#### [REQUIRED WORK]
Below this line are records; transcribe exactly the lines between the one holding "Pepe Jeans Pepe Jeans Regent Kavbojke Modra" and the one holding "Insignia 2.0 CDTI", inclusive, and omit the pictures.

#### [RECORDS SHOWN]
· · ·
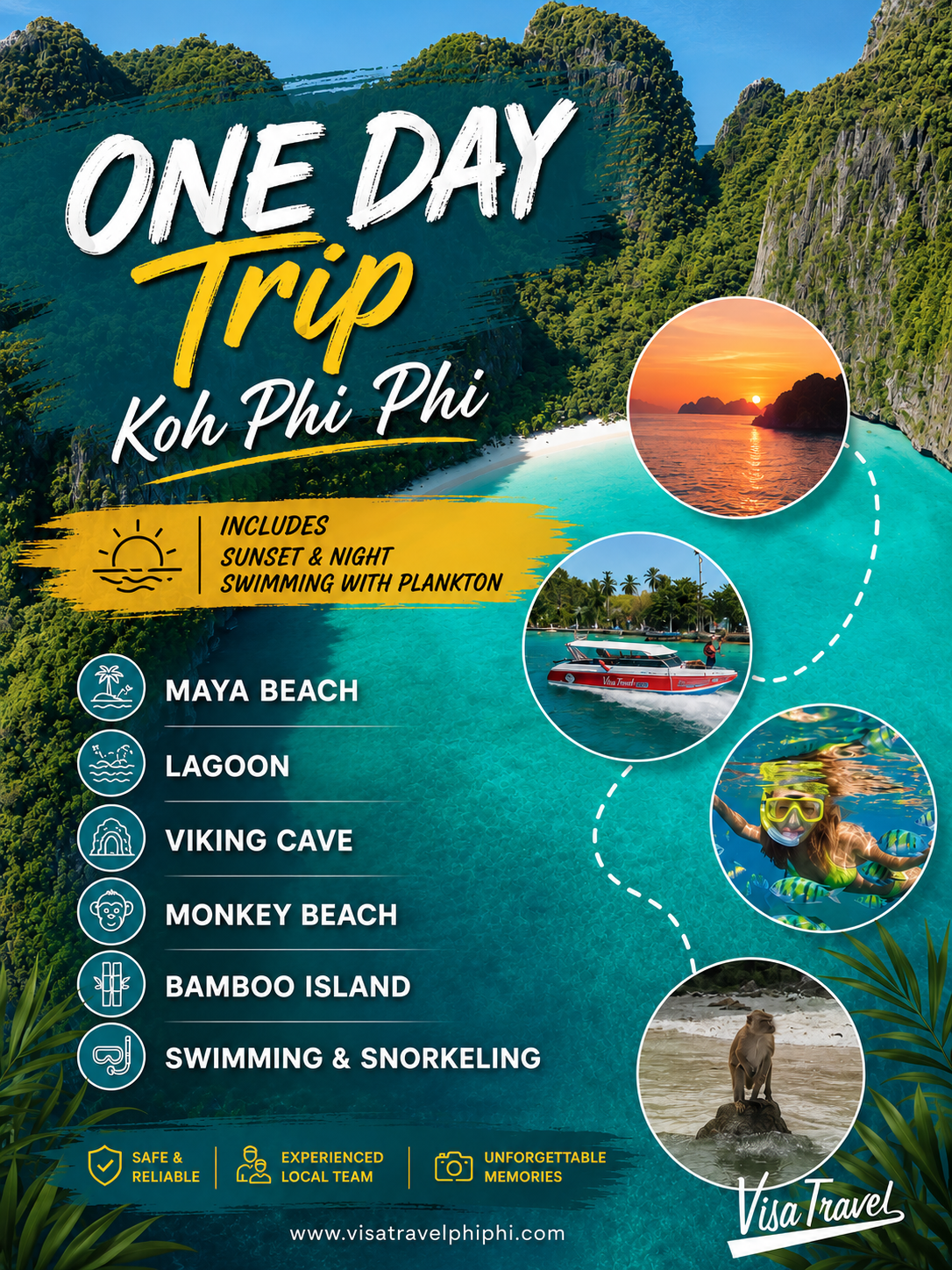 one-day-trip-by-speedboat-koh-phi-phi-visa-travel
· · ·
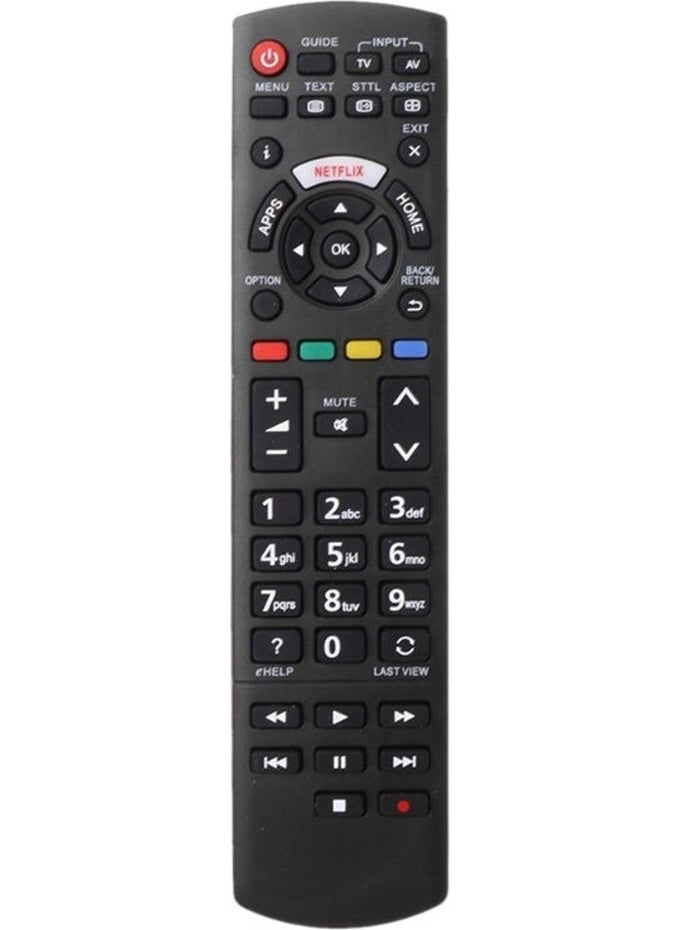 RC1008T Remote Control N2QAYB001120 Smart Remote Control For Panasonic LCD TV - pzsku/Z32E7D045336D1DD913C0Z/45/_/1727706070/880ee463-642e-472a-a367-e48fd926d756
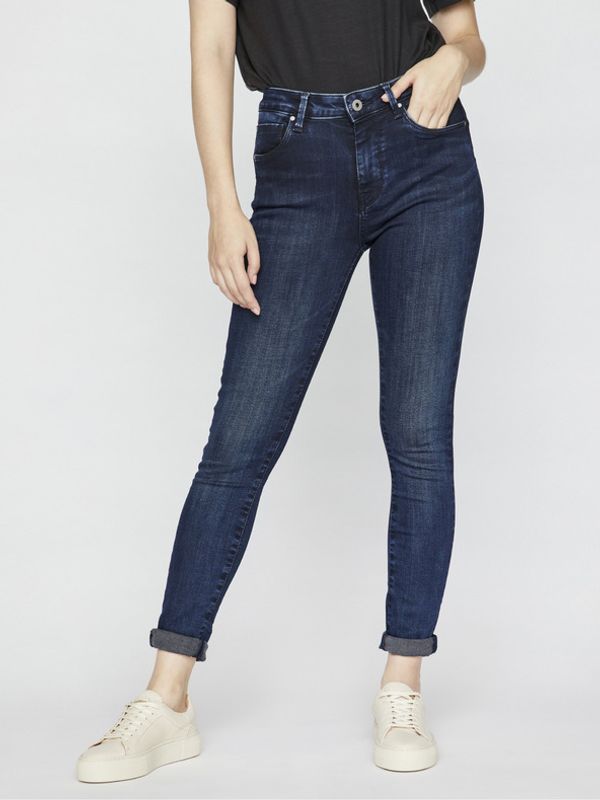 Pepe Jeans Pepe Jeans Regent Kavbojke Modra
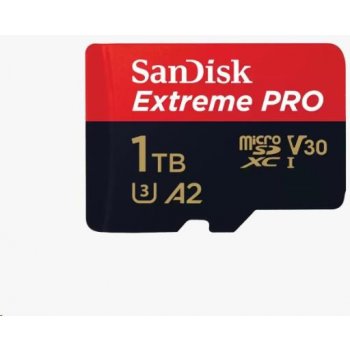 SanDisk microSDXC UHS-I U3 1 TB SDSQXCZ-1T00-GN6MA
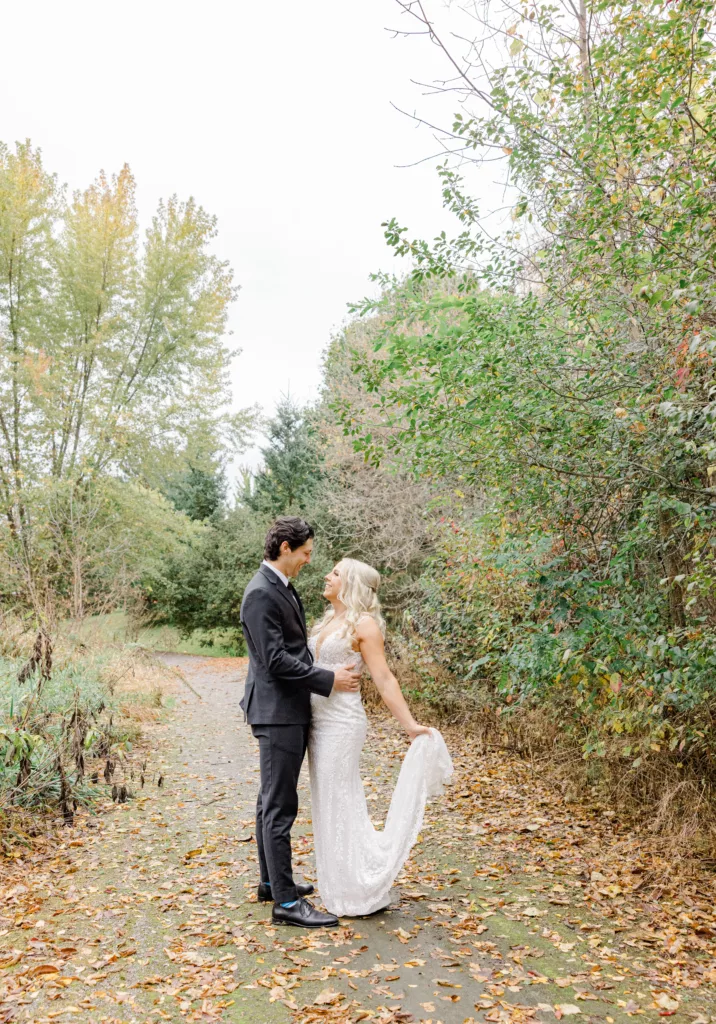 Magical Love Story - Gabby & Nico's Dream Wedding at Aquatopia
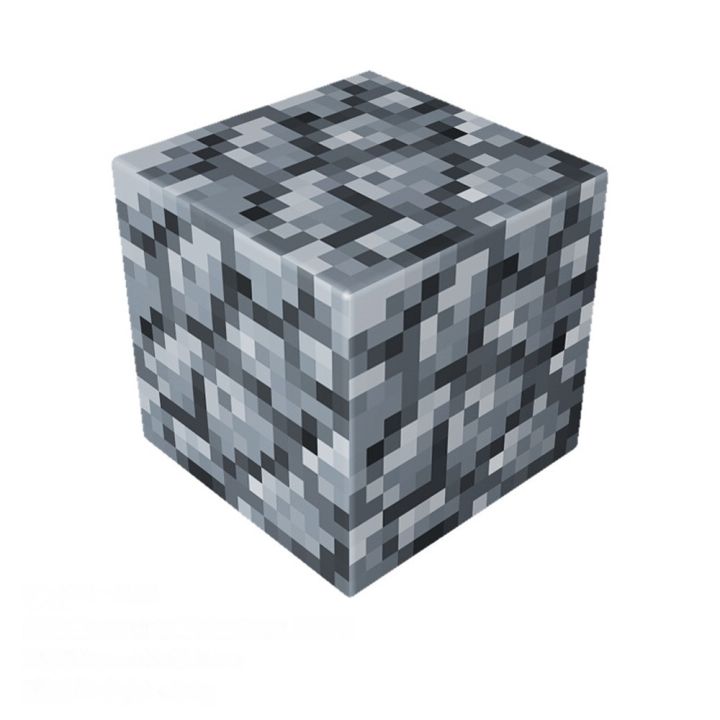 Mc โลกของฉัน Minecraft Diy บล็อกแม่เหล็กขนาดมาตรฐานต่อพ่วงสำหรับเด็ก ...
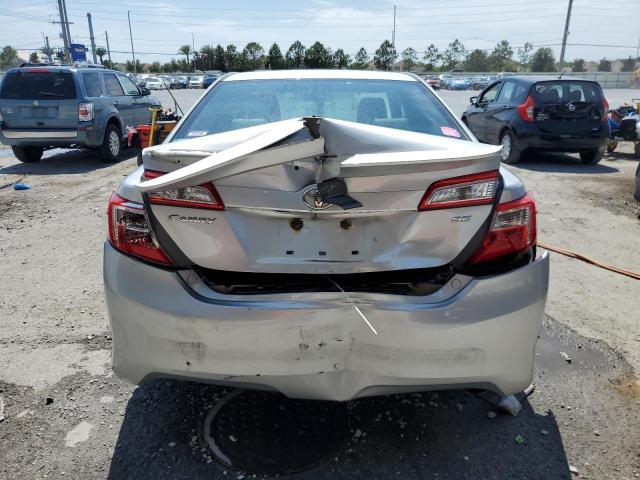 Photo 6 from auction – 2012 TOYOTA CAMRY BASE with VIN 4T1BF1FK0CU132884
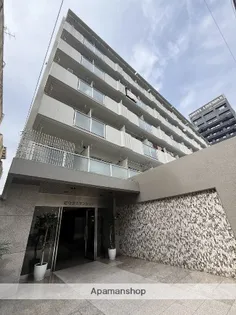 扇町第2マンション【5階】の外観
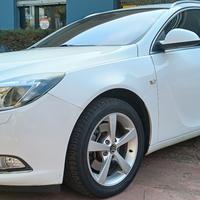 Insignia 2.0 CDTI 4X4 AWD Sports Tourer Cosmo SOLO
· · ·
#### [EXERCISE ANSWER]
 Pepe Jeans Pepe Jeans Regent Kavbojke Modra
 SanDisk microSDXC UHS-I U3 1 TB SDSQXCZ-1T00-GN6MA
 Magical Love Story - Gabby & Nico's Dream Wedding at Aquatopia
 Mc โลกของฉัน Minecraft Diy บล็อกแม่เหล็กขนาดมาตรฐานต่อพ่วงสำหรับเด็ก ...
 Photo 6 from auction – 2012 TOYOTA CAMRY BASE with VIN 4T1BF1FK0CU132884
 扇町第2マンション【5階】の外観
 Insignia 2.0 CDTI 4X4 AWD Sports Tourer Cosmo SOLO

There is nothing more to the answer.